## Problem statement
The material beneath this line should be printed exactly, with its pictures omitted.

## Provided data
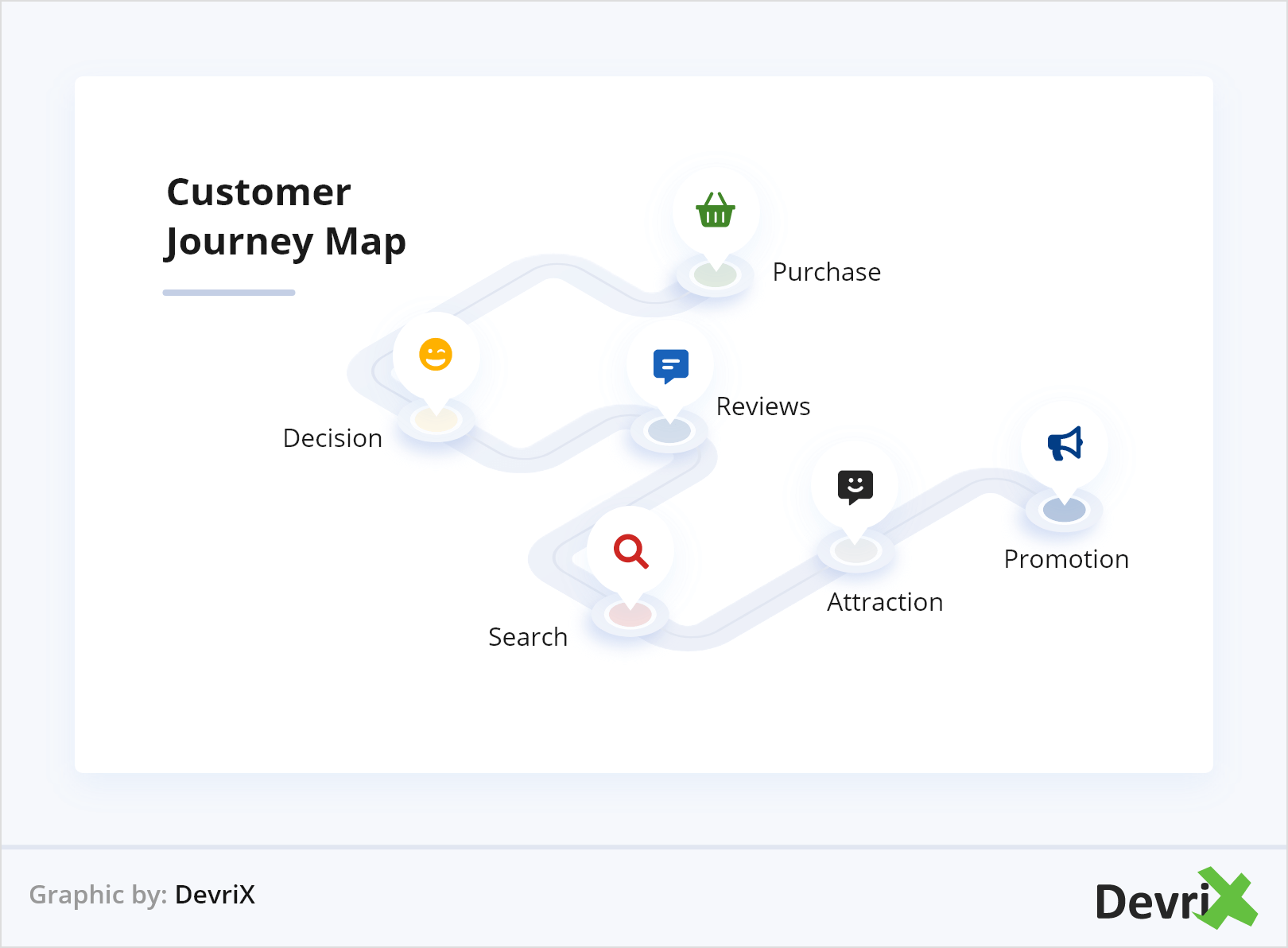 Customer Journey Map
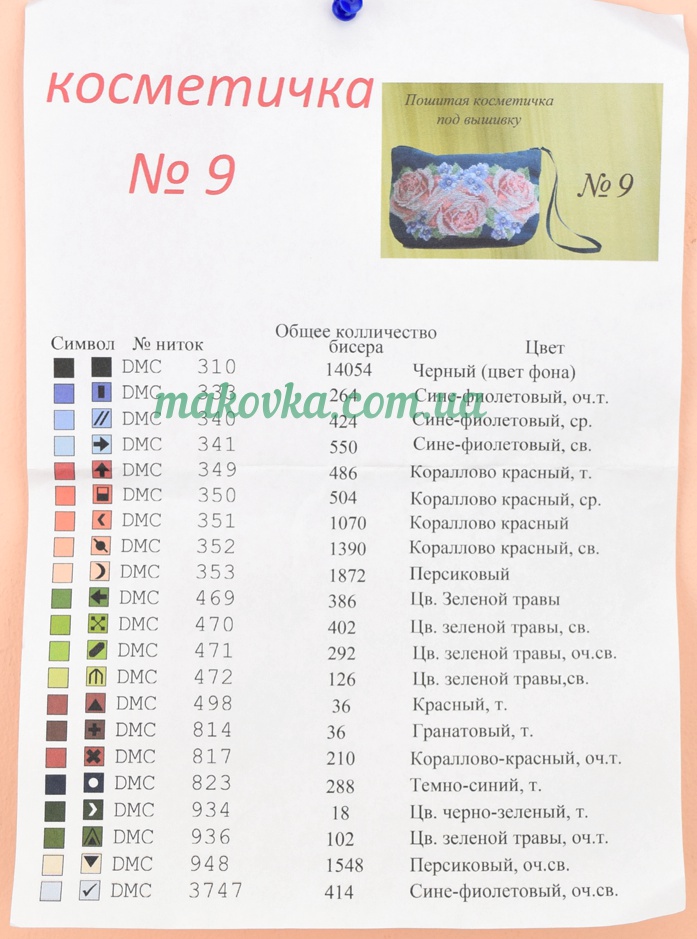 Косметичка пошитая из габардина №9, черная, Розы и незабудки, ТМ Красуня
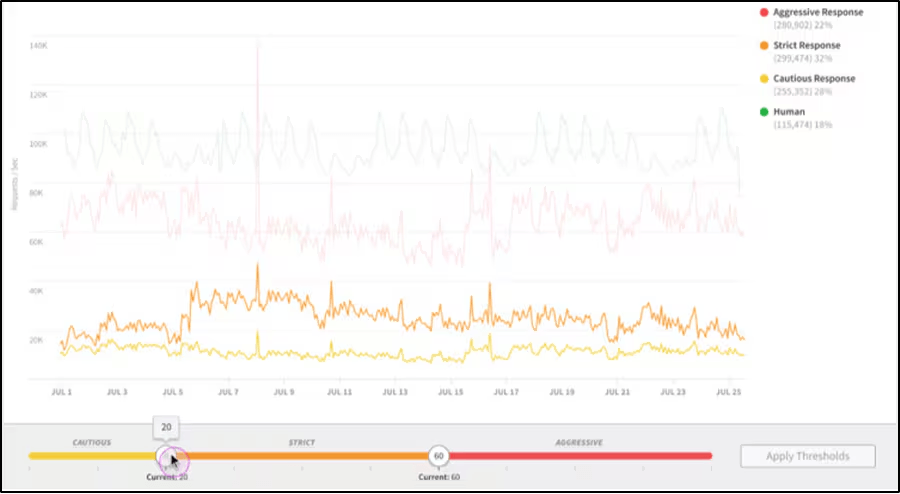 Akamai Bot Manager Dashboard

## Solved problem
 Customer Journey Map
 Косметичка пошитая из габардина №9, черная, Розы и незабудки, ТМ Красуня
 Akamai Bot Manager Dashboard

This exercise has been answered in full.